Date: 26 Nov 2003 10:58:04 GMT
From: anno4000@lublin.zrz.tu-berlin.de (Anno Siegel)
Subject: Re: rename hash-key ?
Message-Id: <bq20vs$8p2$1@mamenchi.zrz.TU-Berlin.DE>

Jeff 'japhy' Pinyan  <pinyaj@rpi.edu> wrote in comp.lang.perl.misc:
> [posted & mailed]
> 
> On Tue, 25 Nov 2003, peter pilsl wrote:
> 
> >I need to rename a hashkey and wonder how to do it best.
> >
> >$hash->{newname}=$hash->{oldname}; 
> >delete $hash->{oldname};
> 
> delete() returns the key's value.
> 
>   $hash{new_key} = delete $hash{old_key};

Note that this isn't only shorter, it's also correcter :)
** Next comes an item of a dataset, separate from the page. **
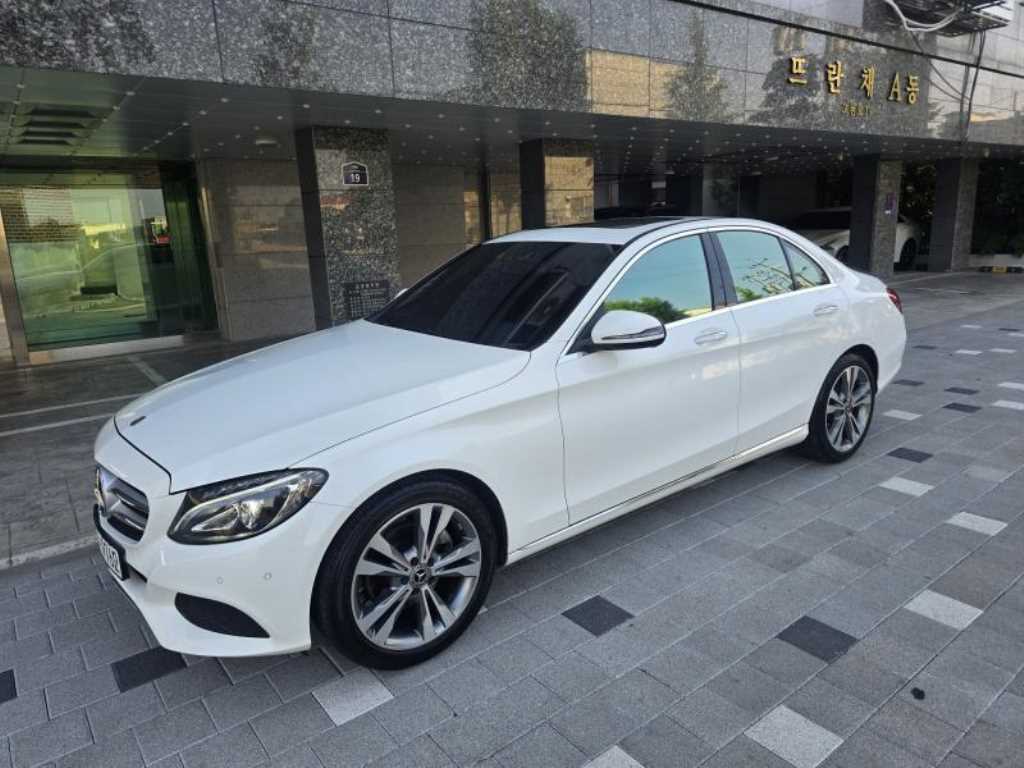 Mercedes-Benz C-Class — photo 02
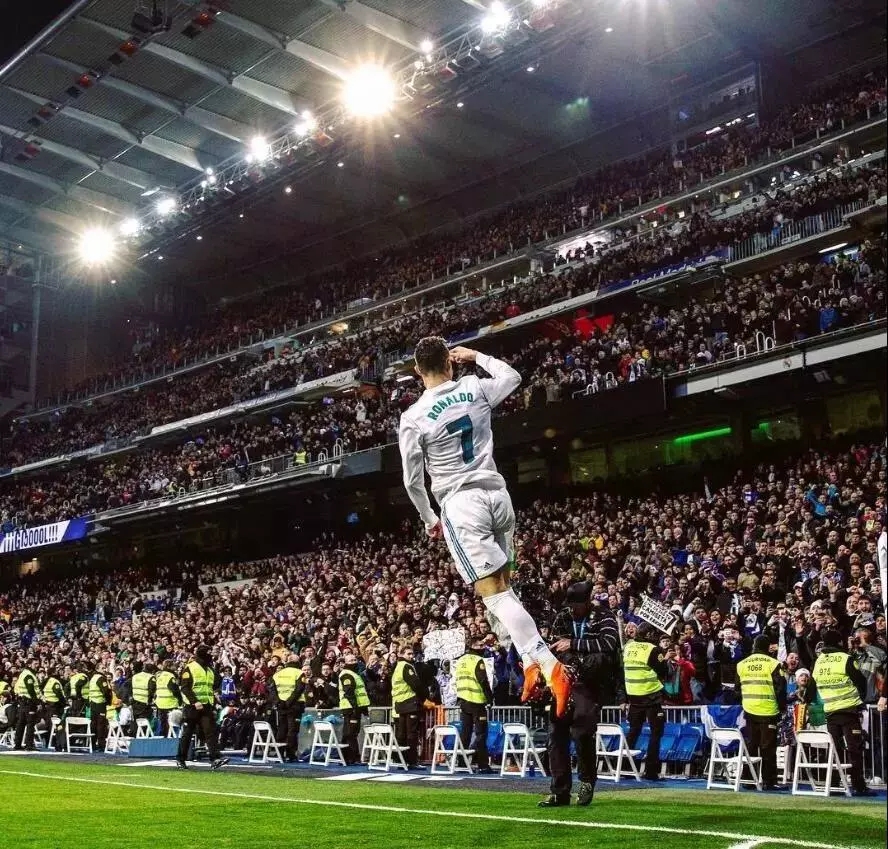 NBA杯战报：卡斯尔30分10板6助，马刺132-119击败湖人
If the old and new key happen to be the same, the original code will
delete the key after re-assigning it, leaving it missing.  The one-line
version will first delete the key, then re-assign it, which amounts to
a no-op.  That is (usually) what should happen in that case.

Anno


------------------------------

Date: 26 Nov 2003 13:56:15 GMT
From: Abigail <abigail@abigail.nl>
Subject: Re: rename hash-key ?
Message-Id: <slrnbs9c7v.fe5.abigail@alexandra.abigail.nl>

Anno Siegel (anno4000@lublin.zrz.tu-berlin.de) wrote on MMMDCCXXXIX
September MCMXCIII in <URL:news:bq20vs$8p2$1@mamenchi.zrz.TU-Berlin.DE>:
:)  Jeff 'japhy' Pinyan  <pinyaj@rpi.edu> wrote in comp.lang.perl.misc:
:) > [posted & mailed]
:) > 
:) > On Tue, 25 Nov 2003, peter pilsl wrote:
:) > 
:) > >I need to rename a hashkey and wonder how to do it best.
:) > >
:) > >$hash->{newname}=$hash->{oldname}; 
:) > >delete $hash->{oldname};
:) > 
:) > delete() returns the key's value.
:) > 
:) >   $hash{new_key} = delete $hash{old_key};
:)  
:)  Note that this isn't only shorter, it's also correcter :)
:)  
:)  If the old and new key happen to be the same, the original code will
:)  delete the key after re-assigning it, leaving it missing.  The one-line
:)  version will first delete the key, then re-assign it, which amounts to
:)  a no-op.  That is (usually) what should happen in that case.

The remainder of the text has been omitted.